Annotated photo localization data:
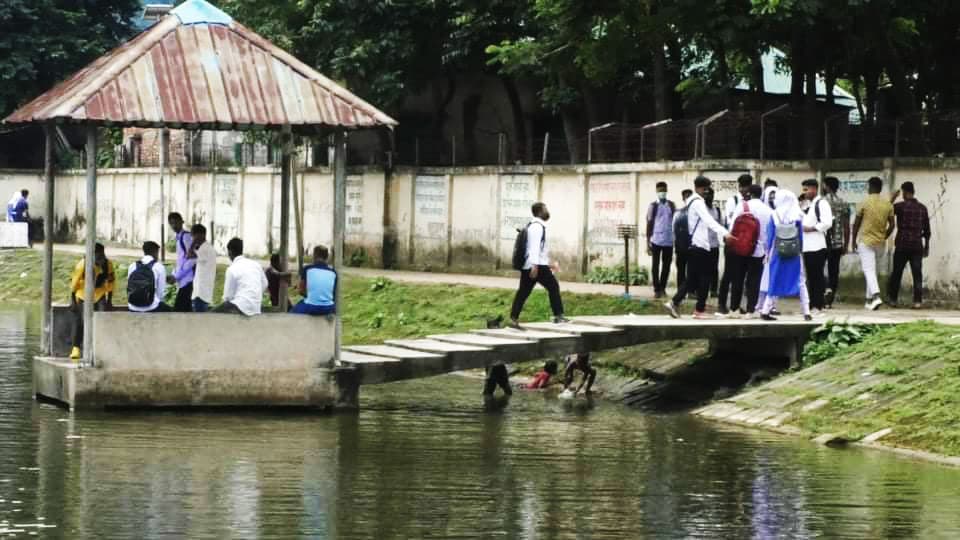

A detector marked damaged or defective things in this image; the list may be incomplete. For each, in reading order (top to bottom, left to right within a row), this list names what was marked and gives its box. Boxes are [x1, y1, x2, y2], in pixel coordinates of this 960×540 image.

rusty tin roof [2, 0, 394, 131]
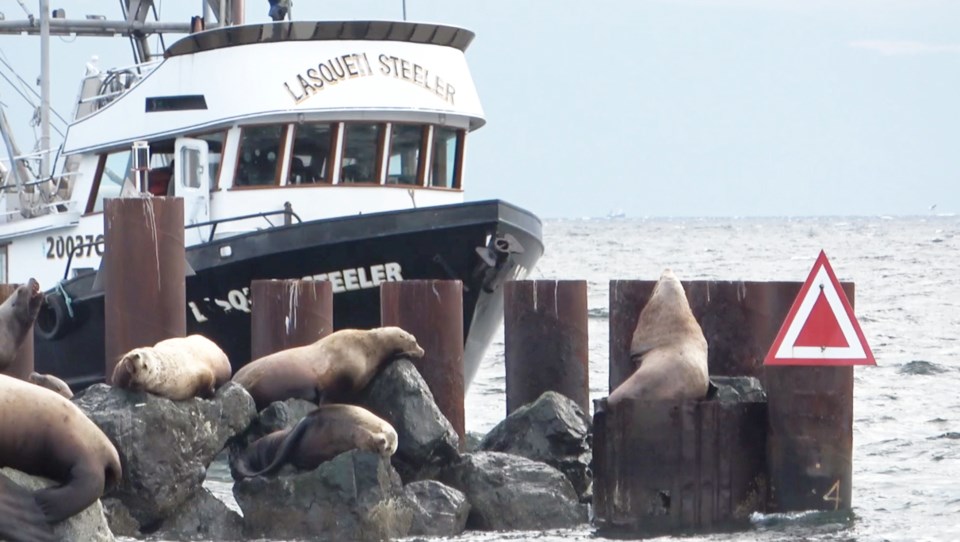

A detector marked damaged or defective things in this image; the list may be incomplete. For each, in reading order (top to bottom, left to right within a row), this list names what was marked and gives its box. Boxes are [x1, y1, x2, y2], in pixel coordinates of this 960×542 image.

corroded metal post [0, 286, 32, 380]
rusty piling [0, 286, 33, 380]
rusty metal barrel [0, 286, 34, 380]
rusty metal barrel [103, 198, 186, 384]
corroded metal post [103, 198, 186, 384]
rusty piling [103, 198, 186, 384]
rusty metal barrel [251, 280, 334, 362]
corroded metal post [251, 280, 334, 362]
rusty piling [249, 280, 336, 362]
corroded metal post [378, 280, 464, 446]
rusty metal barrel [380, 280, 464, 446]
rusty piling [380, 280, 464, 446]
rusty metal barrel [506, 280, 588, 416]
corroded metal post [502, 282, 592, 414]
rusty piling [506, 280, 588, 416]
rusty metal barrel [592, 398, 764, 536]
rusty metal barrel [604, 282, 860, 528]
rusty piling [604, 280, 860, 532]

WHAT YOU SHOULD DO: Keep the pictures out and transcribe the entries exactly.

REPLY:
A detector marked damaged or defective things in this image; the list may be incomplete. For each, in reading order (top to bottom, left to right within a row), this list names what was marked and gives its box. Boxes are [x1, y1, x2, y2], in pixel coordinates of this 960×540 image.

rusty tin roof [2, 0, 394, 131]

A detector marked damaged or defective things in this image; the list may be incomplete. For each, in reading order (top to bottom, left to right within a row), this list names what was marked and gives its box. Boxes are [x1, y1, x2, y2], in pixel coordinates of this 960×542 image.

corroded metal post [0, 286, 32, 380]
rusty piling [0, 286, 33, 380]
rusty metal barrel [0, 286, 34, 380]
rusty metal barrel [103, 198, 186, 384]
corroded metal post [103, 198, 186, 384]
rusty piling [103, 198, 186, 384]
rusty metal barrel [251, 280, 334, 362]
corroded metal post [251, 280, 334, 362]
rusty piling [249, 280, 336, 362]
corroded metal post [378, 280, 464, 446]
rusty metal barrel [380, 280, 464, 446]
rusty piling [380, 280, 464, 446]
rusty metal barrel [506, 280, 588, 416]
corroded metal post [502, 282, 592, 414]
rusty piling [506, 280, 588, 416]
rusty metal barrel [592, 398, 764, 536]
rusty metal barrel [604, 282, 860, 528]
rusty piling [604, 280, 860, 532]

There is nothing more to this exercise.